> [WORK ORDER] With the images removed, write out each record exactly as given.

> [RECORDS SUPPLIED]
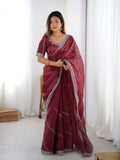 Maroon Organza Silk Party Wear Saree with Thread Sequence Work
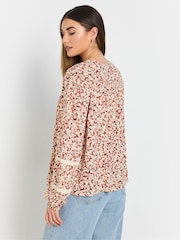 Long Tall Sally Pink Lace Insert Top - Image 3 of 4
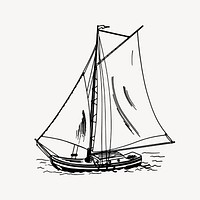 Sailboat drawing, vintage transportation illustration vector. Free public domain CC0 image.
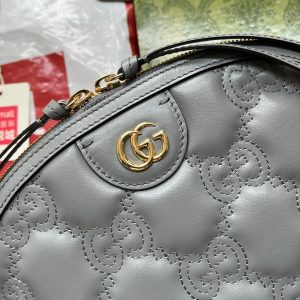 20220730_i1659155279_3533_5_jpg MATELASSÉ LEATHER SHOULDER BAG 23 IN GRAY EMBOSSED CALFSKIN GOLD HARDWARE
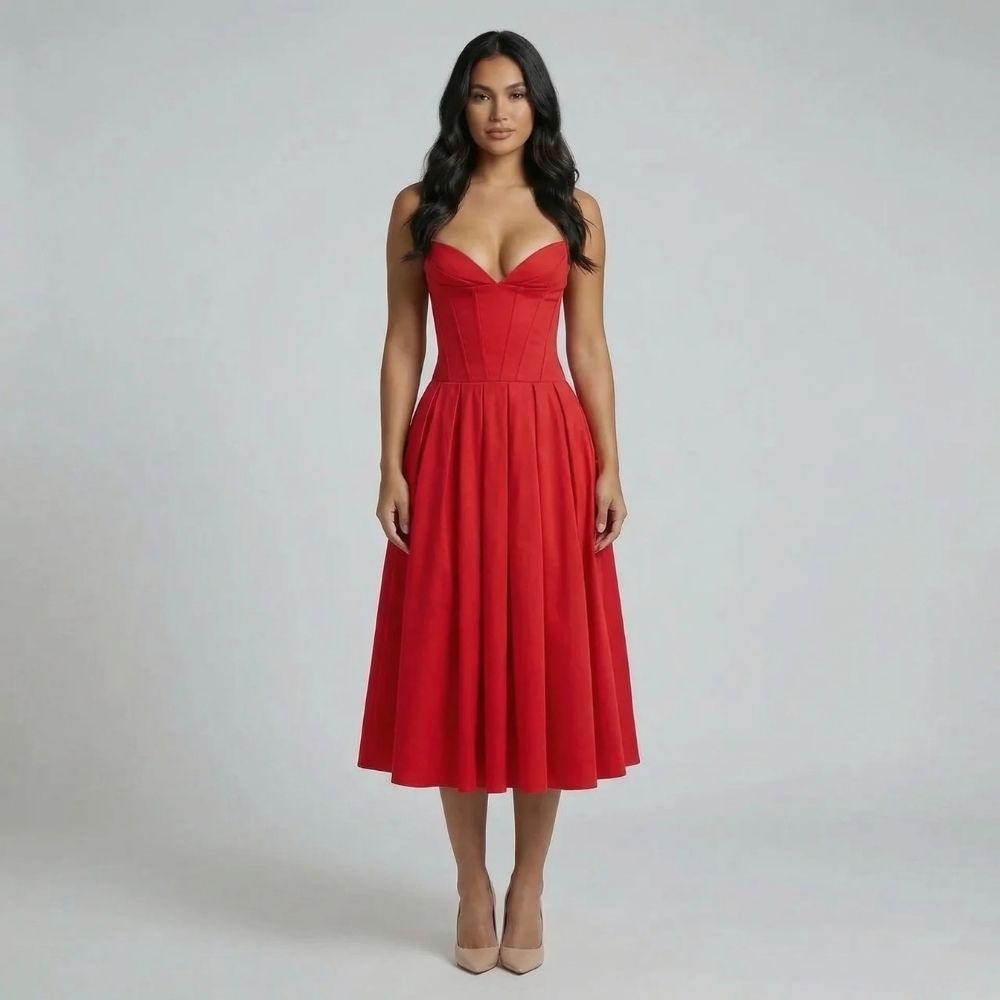 Red corset midi dress with sweetheart neckline and box-pleated skirt — front view.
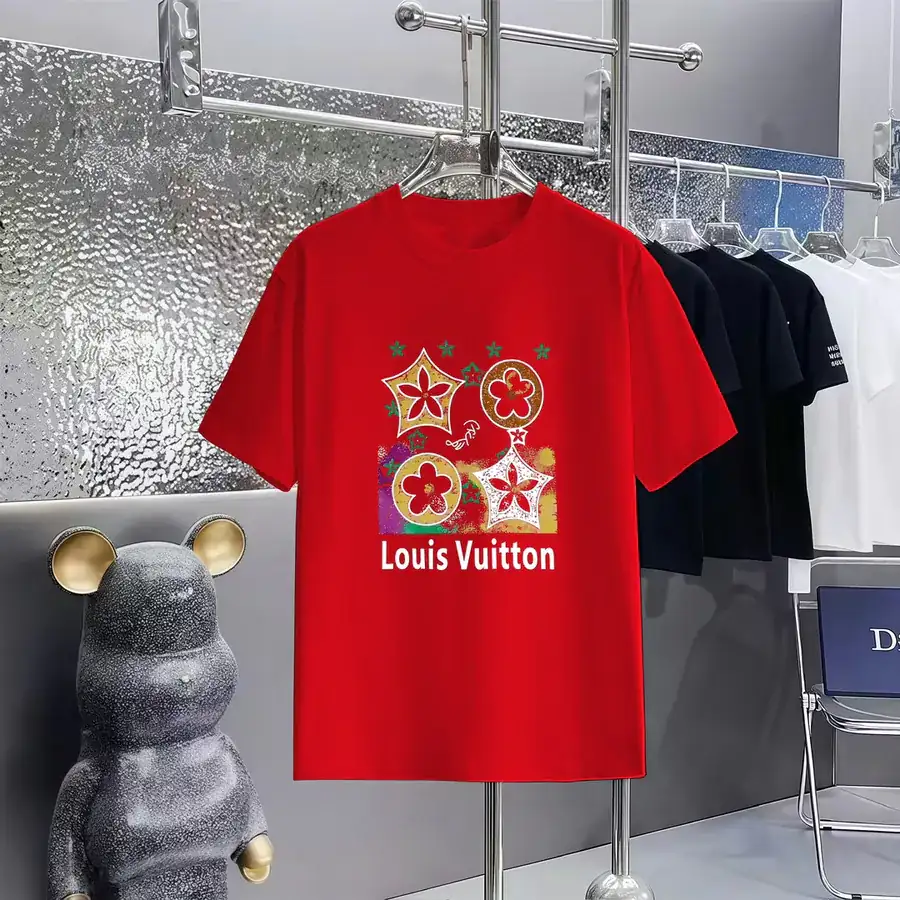 LOUIS VUITTON 160 Version Printed Round Neck Short Sleeve T Shirt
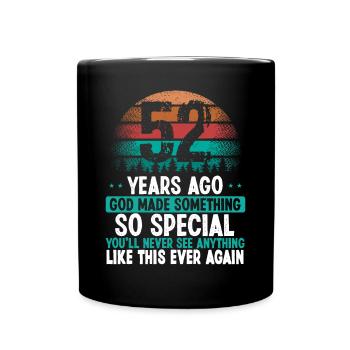 52 Anniversaire Dieu a fait quelque chose de spécial 52 ans - Mug uni - noir - Devant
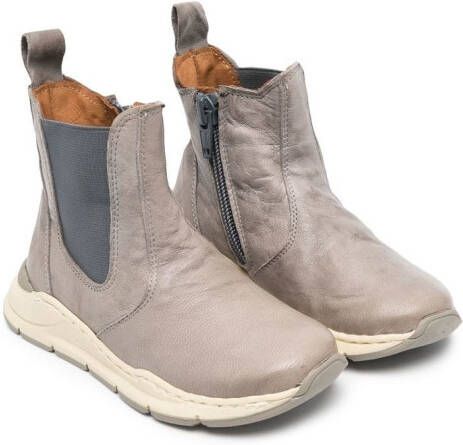 Pèpè elasticated panels leather boots Grey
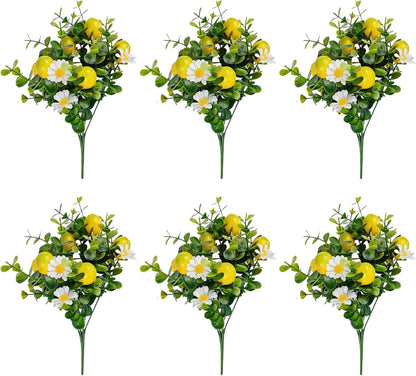 6 Pcs Artificial Lemon Branches Small Artificial Fruit Lemon Tree Greenery Decoration Faux Lemons Picks for Farmhouse Kitchen Home Table Decor Stem Fruits for Home Spring Summer Decor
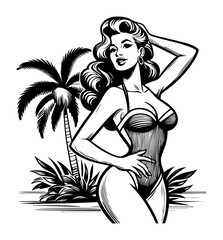 glamorous pin-up girl posing in bikini near palm tree, black and white vector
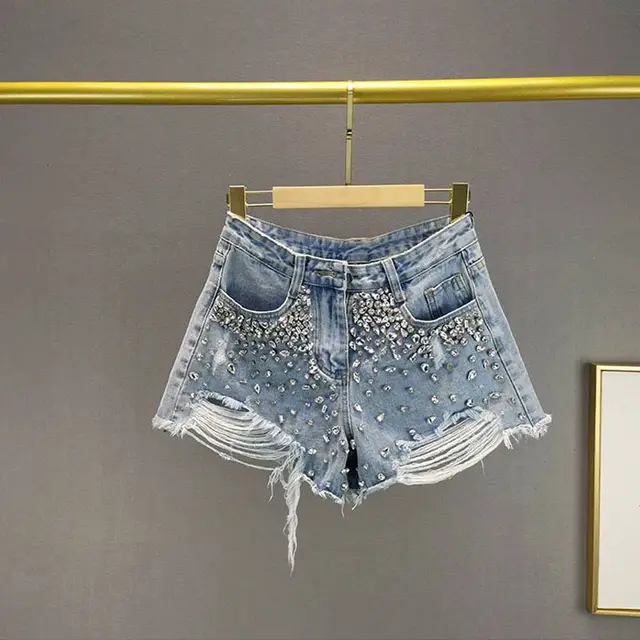 Fashion Holes Wide leg Denim Shorts Women Blue - Shop at LoveMi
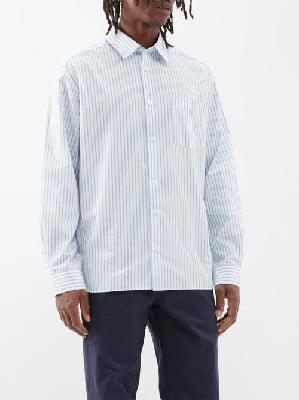 A.P.C. - Malo Striped Cotton-poplin Shirt - Mens - Blue Stripe - L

> [TASK RESPONSE]
 Maroon Organza Silk Party Wear Saree with Thread Sequence Work
 Long Tall Sally Pink Lace Insert Top - Image 3 of 4
 Sailboat drawing, vintage transportation illustration vector. Free public domain CC0 image.
 20220730_i1659155279_3533_5_jpg MATELASSÉ LEATHER SHOULDER BAG 23 IN GRAY EMBOSSED CALFSKIN GOLD HARDWARE
 Red corset midi dress with sweetheart neckline and box-pleated skirt — front view.
 LOUIS VUITTON 160 Version Printed Round Neck Short Sleeve T Shirt
 52 Anniversaire Dieu a fait quelque chose de spécial 52 ans - Mug uni - noir - Devant
 Pèpè elasticated panels leather boots Grey
 6 Pcs Artificial Lemon Branches Small Artificial Fruit Lemon Tree Greenery Decoration Faux Lemons Picks for Farmhouse Kitchen Home Table Decor Stem Fruits for Home Spring Summer Decor
 glamorous pin-up girl posing in bikini near palm tree, black and white vector
 Fashion Holes Wide leg Denim Shorts Women Blue - Shop at LoveMi
 A.P.C. - Malo Striped Cotton-poplin Shirt - Mens - Blue Stripe - L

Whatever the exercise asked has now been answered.